Beck genuinely seemed to believe that Obama was some sort of communist, intent on depriving poor Americans of their God-given right to die because they couldn't afford adequate health insurance. His rhetoric helped, in a large part, to create the climate in which the Tea Party, and its darling Sarah Palin, has flourished. And so he made a worthy adversary for Stewart, whose relentless mockery of him culminated in this magnificent parody of both Beck's style and content. It was so successful that mainstream news shows covered it.

Last year, the importance of The Daily Show and The Colbert Report in American national debate was confirmed when the two held a "Rally for Sanity" in the Washington mall, which was intended as a counterweight to the Tea Party's earlier "Restoring Honor" event.

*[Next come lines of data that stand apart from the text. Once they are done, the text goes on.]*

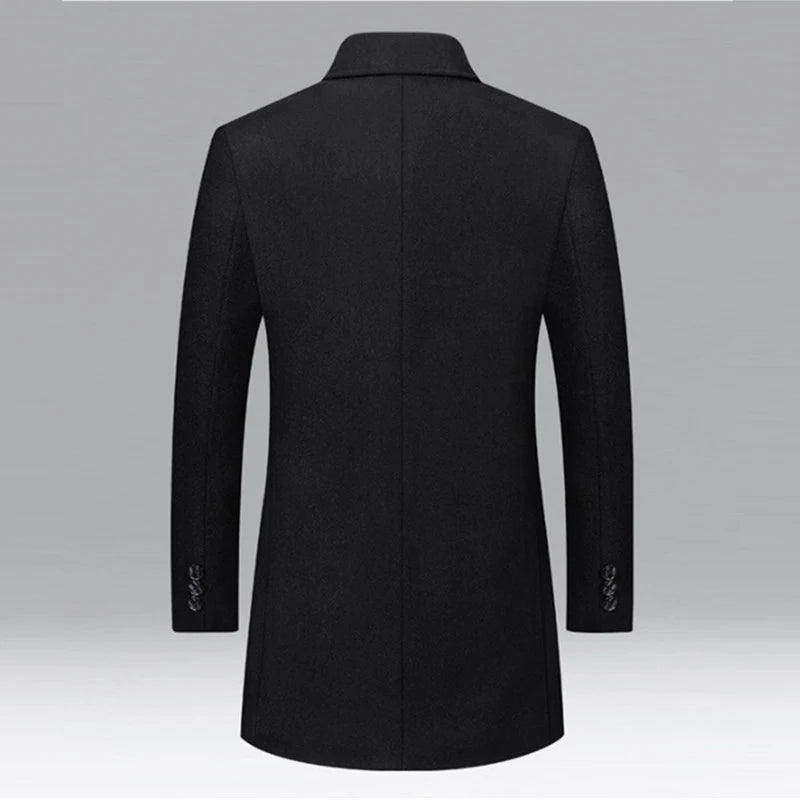 Brand Winter 25% Wool Men Thick Coats Turn Down Collar Male Fashion Woolen Blend Outerwear Coats High Quality Trench Jackets Man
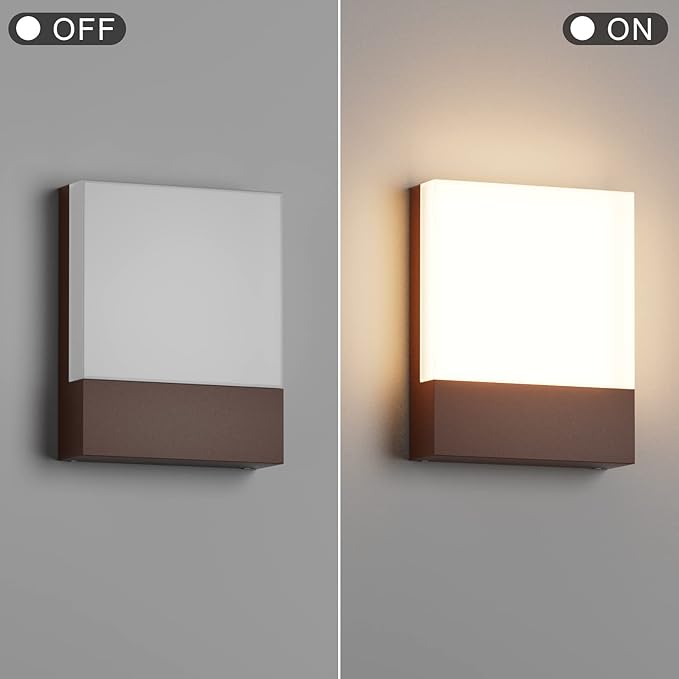 Modern Outdoor Led Wall Light, 24W 3000K Wall Porch & Patio Light,Exterior Hardwired Wall Light Fixtures,IP65 Waterproof Square Wall Lamp for Garage, Front Door,House Yard(Rust,1-Pack)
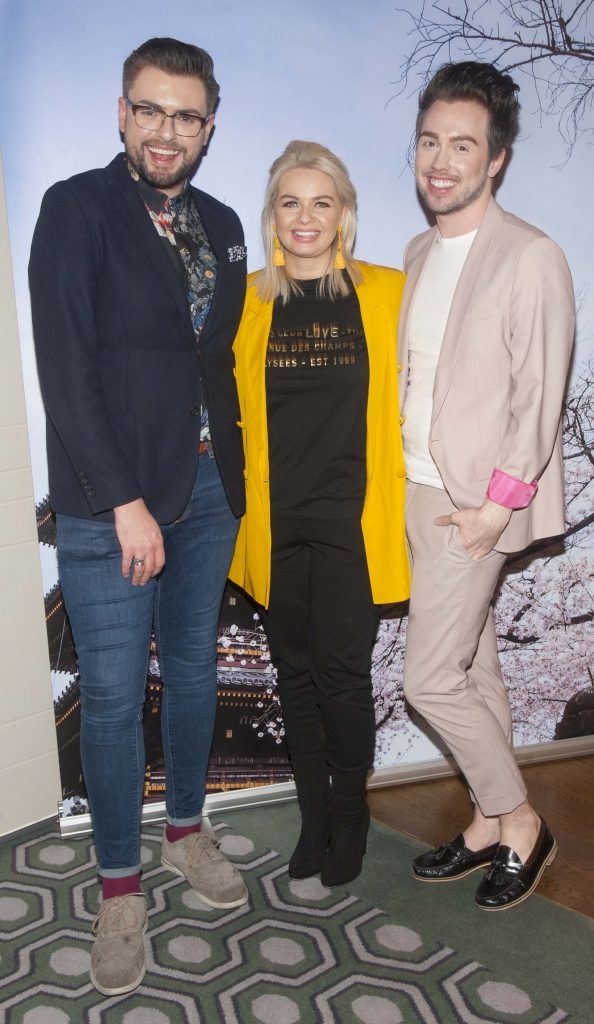 James Butler, Danielle Mahon and Mark Rogers pictured at Gok Wan and Danielle Mahon's launch of their Fashion and Beauty Collective roadshows in the Westbury Hotel, Dublin. Photo: Patrick O'Leary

More than 250,000 people turned up, brandishing signs that said things like "I disagree with you -- but I'm pretty sure you're not Hitler", "Use your inside voice" and "I hate taxes but I like roads, firemen, some cops, traffic lights (except red ones) . . . so I pay them anyway"). Over Christmas, Jon Stewart scored another political victory, stoking a backlash against the Republican Party's pledge to hold up a bill to help 9/11 rescue workers until it had secured continued tax cuts for the rich. The Republicans caved in.

In just over ten years, then, The Daily Show has gone from yappy terrier to lavishly toothed watchdog, snapping at the heels of the rich and powerful. And Britain needs its example more than ever -- particularly as even the BBC's director-general, Mark Thompson, thinks that Ofcom should relax rules on impartiality in television news broadcasting, paving the way for a British version of Fox News.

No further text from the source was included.